▸ **Task prompt**
What is needed is an exact copy of the whole listing below, with no pictures.

==== Supplied material ====

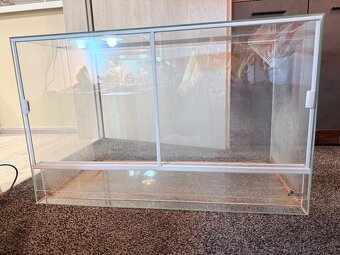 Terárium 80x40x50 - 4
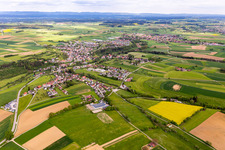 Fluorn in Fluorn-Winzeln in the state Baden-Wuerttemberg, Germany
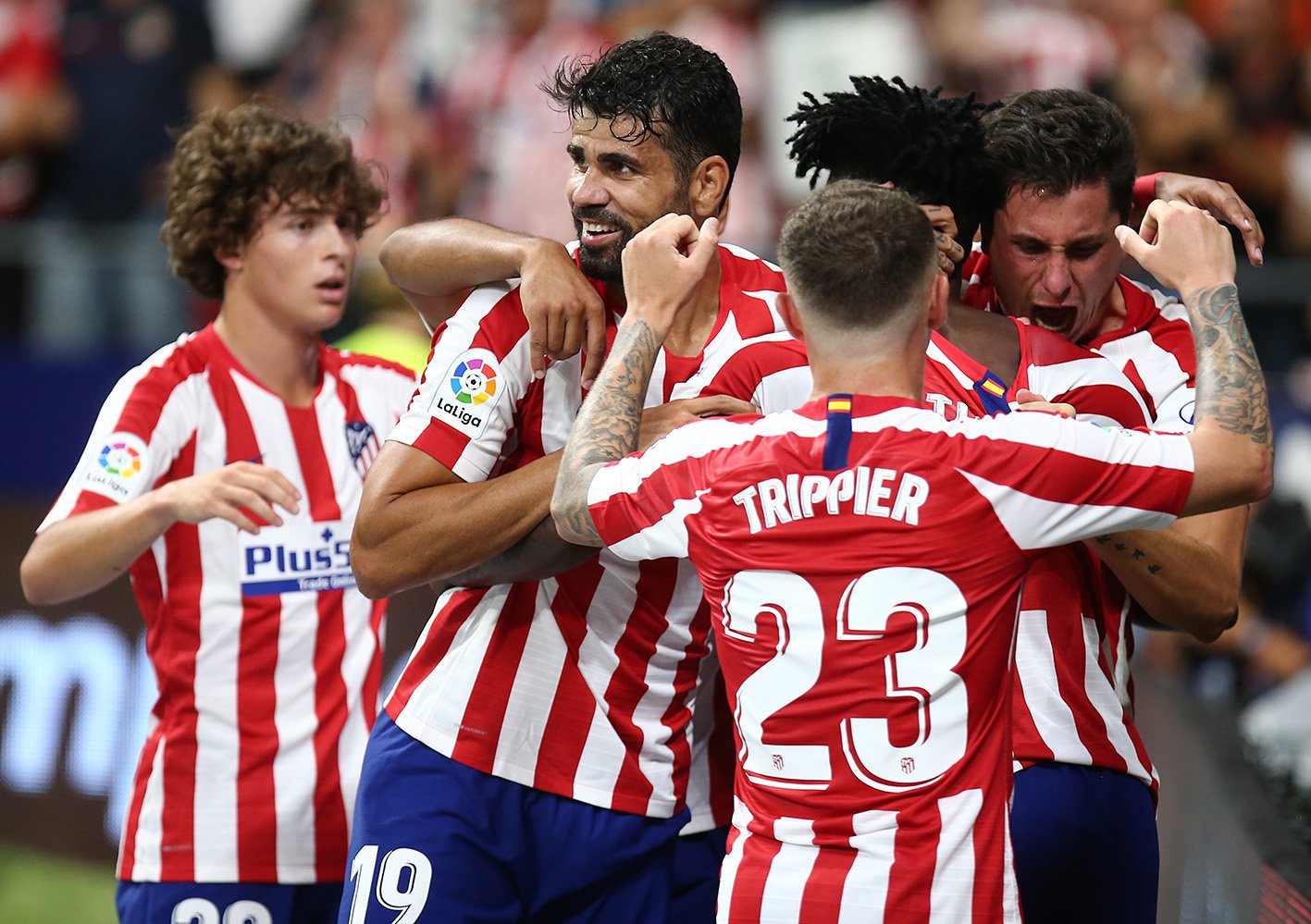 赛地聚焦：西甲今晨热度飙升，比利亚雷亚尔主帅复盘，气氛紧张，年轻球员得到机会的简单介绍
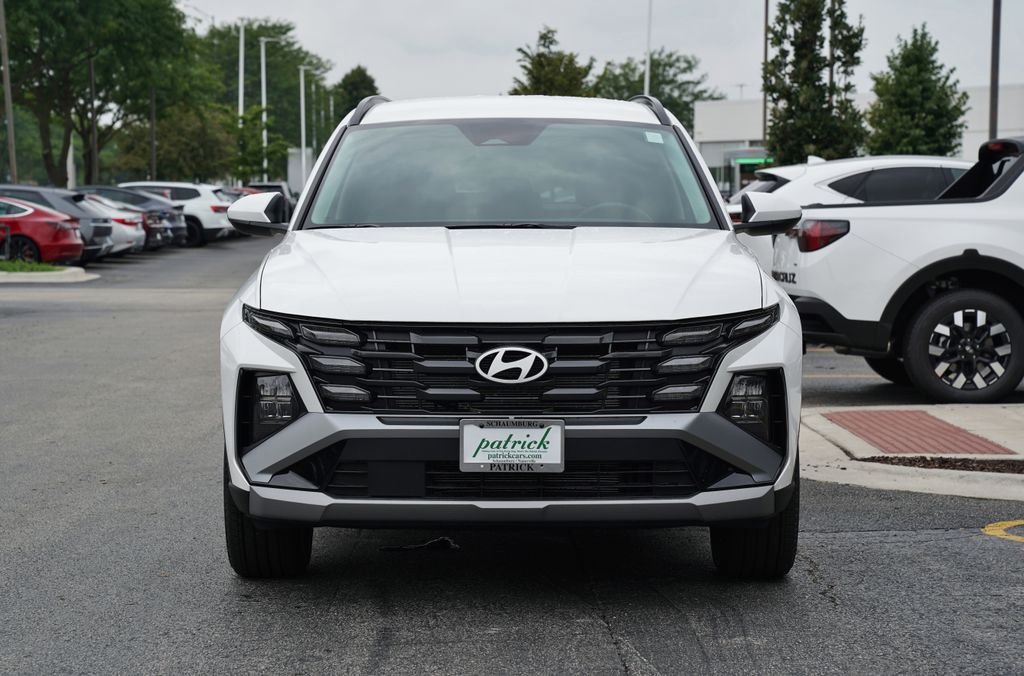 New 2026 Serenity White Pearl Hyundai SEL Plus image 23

====

▸ **Solution for this problem**
 Terárium 80x40x50 - 4
 Fluorn in Fluorn-Winzeln in the state Baden-Wuerttemberg, Germany
 赛地聚焦：西甲今晨热度飙升，比利亚雷亚尔主帅复盘，气氛紧张，年轻球员得到机会的简单介绍
 New 2026 Serenity White Pearl Hyundai SEL Plus image 23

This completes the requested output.